> **Caption-style text data**
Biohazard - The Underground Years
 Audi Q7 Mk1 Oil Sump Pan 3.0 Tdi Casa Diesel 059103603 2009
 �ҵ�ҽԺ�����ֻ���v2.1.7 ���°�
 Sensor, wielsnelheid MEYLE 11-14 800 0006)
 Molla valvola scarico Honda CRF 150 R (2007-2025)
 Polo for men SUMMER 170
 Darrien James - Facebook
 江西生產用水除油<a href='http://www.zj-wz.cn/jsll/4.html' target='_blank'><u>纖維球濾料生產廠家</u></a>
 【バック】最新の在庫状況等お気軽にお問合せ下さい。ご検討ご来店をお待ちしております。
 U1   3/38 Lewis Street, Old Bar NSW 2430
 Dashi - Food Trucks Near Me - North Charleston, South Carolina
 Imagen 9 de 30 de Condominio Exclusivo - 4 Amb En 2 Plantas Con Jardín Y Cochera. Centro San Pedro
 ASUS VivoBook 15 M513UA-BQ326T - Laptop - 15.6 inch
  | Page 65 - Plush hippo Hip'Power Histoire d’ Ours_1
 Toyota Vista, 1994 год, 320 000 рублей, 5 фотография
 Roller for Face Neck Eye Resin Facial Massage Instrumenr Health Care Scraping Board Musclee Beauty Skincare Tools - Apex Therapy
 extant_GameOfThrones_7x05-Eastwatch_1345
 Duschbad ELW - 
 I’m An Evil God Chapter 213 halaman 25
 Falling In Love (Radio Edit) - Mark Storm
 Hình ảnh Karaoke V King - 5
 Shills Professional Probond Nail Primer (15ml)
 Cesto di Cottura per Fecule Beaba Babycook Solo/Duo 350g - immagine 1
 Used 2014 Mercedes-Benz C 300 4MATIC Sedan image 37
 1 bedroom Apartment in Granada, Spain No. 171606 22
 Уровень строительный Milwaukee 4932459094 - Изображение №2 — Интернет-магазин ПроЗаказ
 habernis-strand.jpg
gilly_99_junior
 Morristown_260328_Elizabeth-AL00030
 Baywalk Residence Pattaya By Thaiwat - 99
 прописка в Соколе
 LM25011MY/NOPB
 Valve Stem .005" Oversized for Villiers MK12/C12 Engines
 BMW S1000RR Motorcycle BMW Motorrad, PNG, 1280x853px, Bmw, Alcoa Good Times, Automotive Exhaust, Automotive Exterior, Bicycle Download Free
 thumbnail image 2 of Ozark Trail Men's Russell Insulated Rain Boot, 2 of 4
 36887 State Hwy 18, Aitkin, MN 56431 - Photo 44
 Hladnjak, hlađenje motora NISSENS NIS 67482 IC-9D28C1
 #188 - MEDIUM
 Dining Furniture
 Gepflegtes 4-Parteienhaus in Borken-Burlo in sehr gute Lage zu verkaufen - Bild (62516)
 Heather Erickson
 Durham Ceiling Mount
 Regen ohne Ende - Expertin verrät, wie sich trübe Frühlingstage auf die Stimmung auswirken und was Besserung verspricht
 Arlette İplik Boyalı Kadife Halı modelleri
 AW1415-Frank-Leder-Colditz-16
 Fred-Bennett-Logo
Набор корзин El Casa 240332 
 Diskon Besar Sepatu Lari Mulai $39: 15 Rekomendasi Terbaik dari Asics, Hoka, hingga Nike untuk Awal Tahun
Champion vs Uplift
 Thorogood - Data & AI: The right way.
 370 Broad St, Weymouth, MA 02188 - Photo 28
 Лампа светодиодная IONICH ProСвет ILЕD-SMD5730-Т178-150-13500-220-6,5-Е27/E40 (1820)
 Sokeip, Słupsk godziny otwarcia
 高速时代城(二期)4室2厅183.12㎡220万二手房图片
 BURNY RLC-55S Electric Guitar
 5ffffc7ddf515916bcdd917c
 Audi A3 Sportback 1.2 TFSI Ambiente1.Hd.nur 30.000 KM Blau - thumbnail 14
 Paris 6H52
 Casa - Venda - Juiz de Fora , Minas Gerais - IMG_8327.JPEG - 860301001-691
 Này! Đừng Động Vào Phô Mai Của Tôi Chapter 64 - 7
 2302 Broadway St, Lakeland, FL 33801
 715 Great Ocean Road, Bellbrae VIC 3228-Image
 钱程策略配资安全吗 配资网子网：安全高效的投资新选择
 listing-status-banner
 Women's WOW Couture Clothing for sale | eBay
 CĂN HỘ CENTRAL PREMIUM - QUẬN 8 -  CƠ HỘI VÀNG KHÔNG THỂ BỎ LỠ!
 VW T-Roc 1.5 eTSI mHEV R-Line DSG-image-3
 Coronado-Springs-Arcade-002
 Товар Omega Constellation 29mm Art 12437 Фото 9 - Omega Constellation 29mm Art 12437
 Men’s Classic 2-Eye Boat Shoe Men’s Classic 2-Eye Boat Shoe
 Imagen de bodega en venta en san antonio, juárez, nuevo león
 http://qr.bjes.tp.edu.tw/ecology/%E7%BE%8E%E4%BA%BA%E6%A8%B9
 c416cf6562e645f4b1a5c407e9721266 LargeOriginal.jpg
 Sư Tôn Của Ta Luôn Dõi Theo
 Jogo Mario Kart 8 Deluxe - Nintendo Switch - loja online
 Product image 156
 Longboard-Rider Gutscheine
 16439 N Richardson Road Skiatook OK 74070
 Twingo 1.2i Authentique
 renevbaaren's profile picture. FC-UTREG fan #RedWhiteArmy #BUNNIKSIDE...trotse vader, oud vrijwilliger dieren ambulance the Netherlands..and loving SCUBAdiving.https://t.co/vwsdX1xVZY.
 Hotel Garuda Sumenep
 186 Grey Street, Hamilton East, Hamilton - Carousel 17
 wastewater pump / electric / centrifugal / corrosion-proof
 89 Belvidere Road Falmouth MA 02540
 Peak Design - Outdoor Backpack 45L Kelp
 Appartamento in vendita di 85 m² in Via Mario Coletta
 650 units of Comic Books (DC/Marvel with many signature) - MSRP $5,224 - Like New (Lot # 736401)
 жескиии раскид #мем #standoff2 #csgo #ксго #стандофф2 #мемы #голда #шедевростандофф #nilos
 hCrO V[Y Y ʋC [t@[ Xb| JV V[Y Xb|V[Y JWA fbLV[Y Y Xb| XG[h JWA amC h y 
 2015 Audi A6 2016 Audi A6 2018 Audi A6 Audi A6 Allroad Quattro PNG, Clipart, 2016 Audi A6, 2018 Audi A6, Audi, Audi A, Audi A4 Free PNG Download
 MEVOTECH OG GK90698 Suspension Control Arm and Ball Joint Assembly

> **WORK ORDER**
Restate word for word the lines of the data above, starting at the line containing "Villiers MK12/C12 Engines" and ending at the line containing "Coronado-Springs-Arcade-002", both included, and nothing more.

> **SOLUTION FOR THIS EXERCISE**
 Valve Stem .005" Oversized for Villiers MK12/C12 Engines
 BMW S1000RR Motorcycle BMW Motorrad, PNG, 1280x853px, Bmw, Alcoa Good Times, Automotive Exhaust, Automotive Exterior, Bicycle Download Free
 thumbnail image 2 of Ozark Trail Men's Russell Insulated Rain Boot, 2 of 4
 36887 State Hwy 18, Aitkin, MN 56431 - Photo 44
 Hladnjak, hlađenje motora NISSENS NIS 67482 IC-9D28C1
 #188 - MEDIUM
 Dining Furniture
 Gepflegtes 4-Parteienhaus in Borken-Burlo in sehr gute Lage zu verkaufen - Bild (62516)
 Heather Erickson
 Durham Ceiling Mount
 Regen ohne Ende - Expertin verrät, wie sich trübe Frühlingstage auf die Stimmung auswirken und was Besserung verspricht
 Arlette İplik Boyalı Kadife Halı modelleri
 AW1415-Frank-Leder-Colditz-16
 Fred-Bennett-Logo
Набор корзин El Casa 240332 
 Diskon Besar Sepatu Lari Mulai $39: 15 Rekomendasi Terbaik dari Asics, Hoka, hingga Nike untuk Awal Tahun
Champion vs Uplift
 Thorogood - Data & AI: The right way.
 370 Broad St, Weymouth, MA 02188 - Photo 28
 Лампа светодиодная IONICH ProСвет ILЕD-SMD5730-Т178-150-13500-220-6,5-Е27/E40 (1820)
 Sokeip, Słupsk godziny otwarcia
 高速时代城(二期)4室2厅183.12㎡220万二手房图片
 BURNY RLC-55S Electric Guitar
 5ffffc7ddf515916bcdd917c
 Audi A3 Sportback 1.2 TFSI Ambiente1.Hd.nur 30.000 KM Blau - thumbnail 14
 Paris 6H52
 Casa - Venda - Juiz de Fora , Minas Gerais - IMG_8327.JPEG - 860301001-691
 Này! Đừng Động Vào Phô Mai Của Tôi Chapter 64 - 7
 2302 Broadway St, Lakeland, FL 33801
 715 Great Ocean Road, Bellbrae VIC 3228-Image
 钱程策略配资安全吗 配资网子网：安全高效的投资新选择
 listing-status-banner
 Women's WOW Couture Clothing for sale | eBay
 CĂN HỘ CENTRAL PREMIUM - QUẬN 8 -  CƠ HỘI VÀNG KHÔNG THỂ BỎ LỠ!
 VW T-Roc 1.5 eTSI mHEV R-Line DSG-image-3
 Coronado-Springs-Arcade-002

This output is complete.